One flaw most people have in the marketplace is the implicit assumption that stocks, as a whole, will outperform alternative investment classes (bonds, cash, commodities, etc.) over the long run. We could continue our historic 9%-a-year nominal climb up in the major indexes, or we could enter into a period of decline (e.g. Russia’s stock market in 1900 was the third largest market in the world by capitalization, and we all know what happened there), and we would not know either way at present which will be the case.

The only way an investor can outperform in the marketplace is by selecting investments that are trading below fair value. If an investor cannot explain why an index is undervalued when they purchase it, I would not automatically assume that the index would be outperforming alternative decisions at the time of investment.

An investor completely unwilling to dabble in equity risk (including preferred shares) would have a morally consistent argument by opting for the 100% GIC-only strategy. You can usually get higher returns with GICs than most bank debentures.

As I have said to some other relatives that have come to me seeking investment opinion, “Making 2% a year is a lot better than losing 10%.” Usually it takes such a loss before people realize the impact of such a statement.
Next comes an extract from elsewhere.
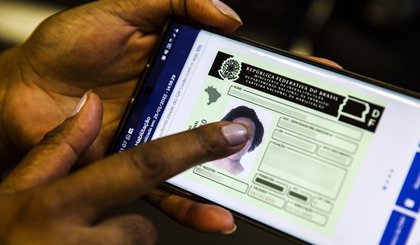 Número de pedidos para emissão de CNH aumentam após mudanças na lei. (Foto: Marcello Casal Jr/Agência Brasil) Número de pedidos para emissão de CNH aumentam após mudanças na lei. (Foto: Marcello Casal Jr/Agência Brasil)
Not much going on in the markets

The end of year trading is dominated by two forces, none of them fundamental in nature to companies’ economic prospects:

1. Window dressing – fund managers do not want to be seen with a year-end holdings of market “dogs”;

2. Tax loss selling – people that jettison positions in their portfolio with unrealized losses so they can harvest the capital loss for the 2010 tax year. Correspondingly there will be some supply at the onset of 2011 of 2010’s gainers.

This is probably why I have not been writing lately – I’ve been drafting up the 2011 outlook.

Since the last two weeks of December are usually a write-off, markets are more illiquid than usual. Retail investors can take advantage of the corresponding price swings to add or subtract positions if such swings are unusually sharp.